Beginning with the line that holds "thumbnail image 1" and ending with the last line below, repeat each line exactly, leaving any pictures out.

Short web captions:
::::

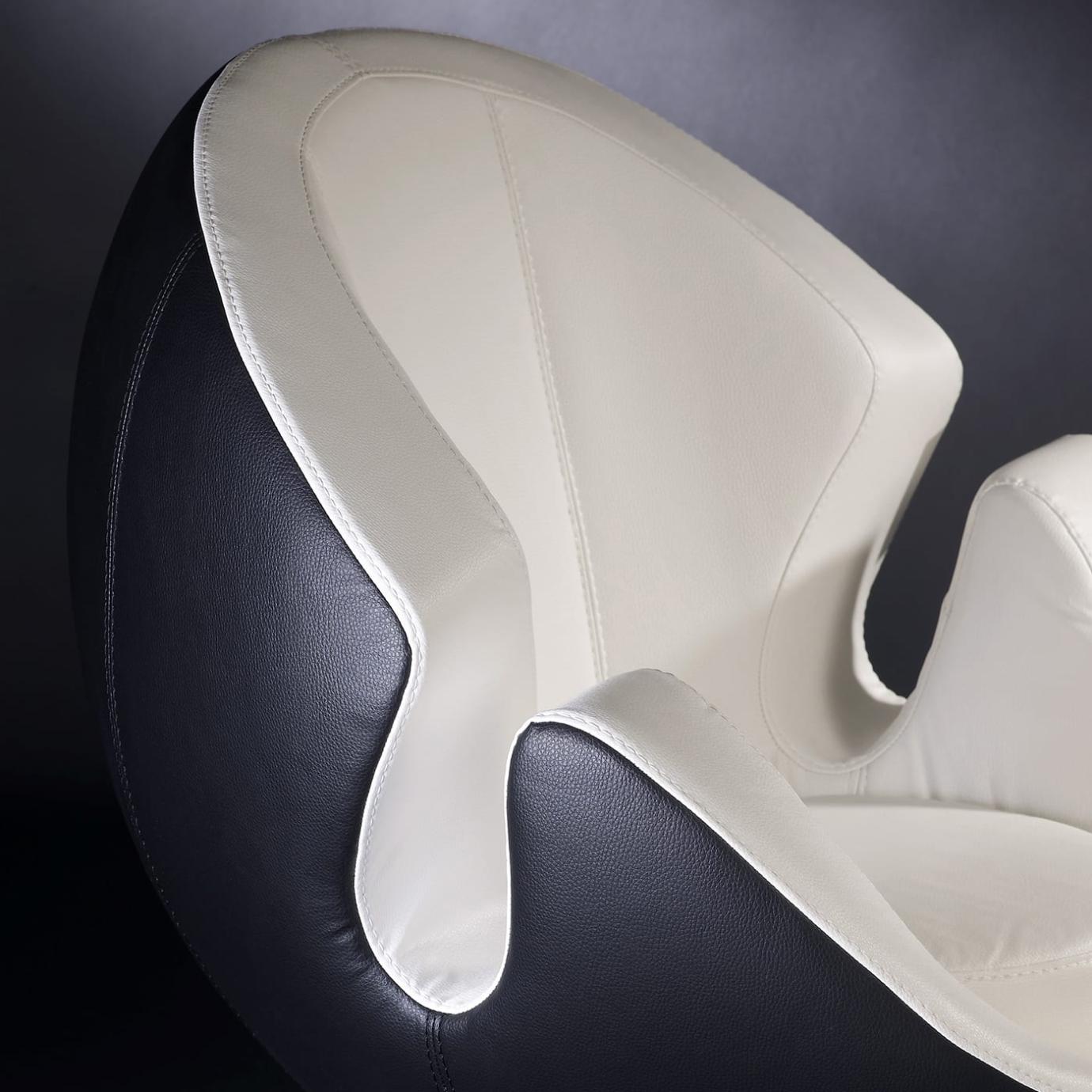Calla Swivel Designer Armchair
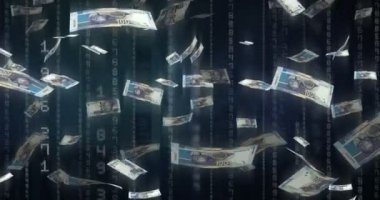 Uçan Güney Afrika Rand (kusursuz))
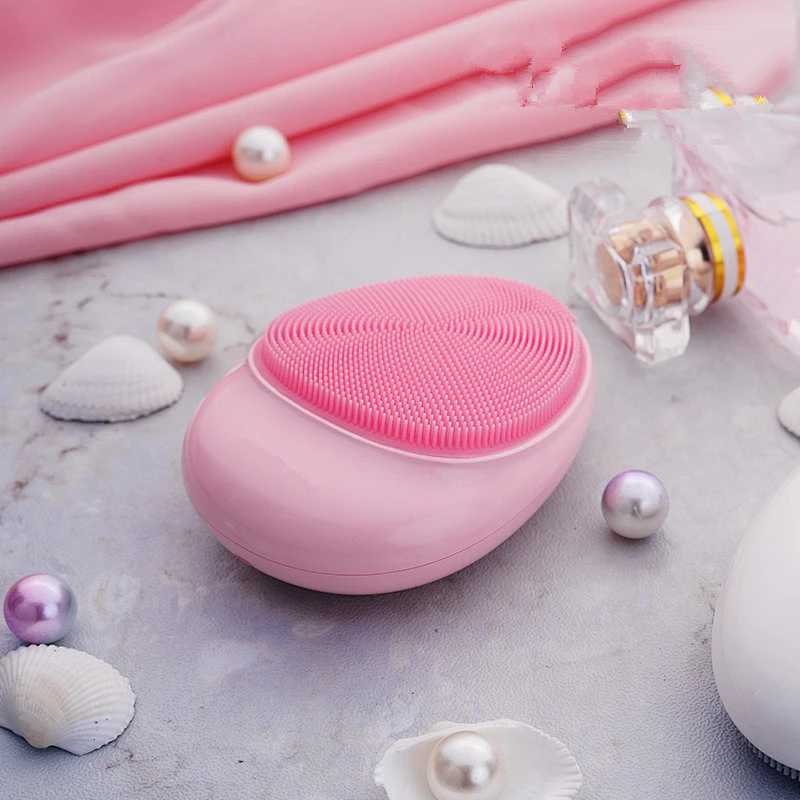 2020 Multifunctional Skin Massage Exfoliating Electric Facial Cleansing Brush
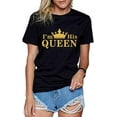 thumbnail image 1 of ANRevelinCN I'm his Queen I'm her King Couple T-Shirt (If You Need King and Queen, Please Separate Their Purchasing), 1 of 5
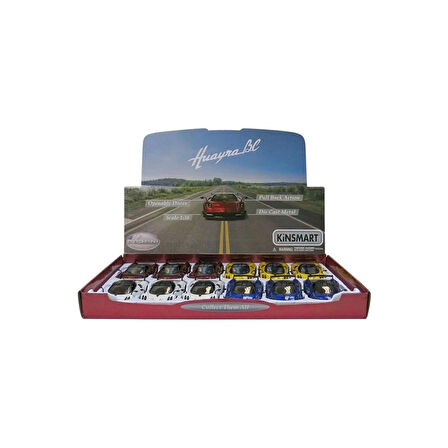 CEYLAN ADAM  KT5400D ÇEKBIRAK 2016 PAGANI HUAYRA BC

::::

WRITTEN ANSWER:
 thumbnail image 1 of ANRevelinCN I'm his Queen I'm her King Couple T-Shirt (If You Need King and Queen, Please Separate Their Purchasing), 1 of 5
 CEYLAN ADAM  KT5400D ÇEKBIRAK 2016 PAGANI HUAYRA BC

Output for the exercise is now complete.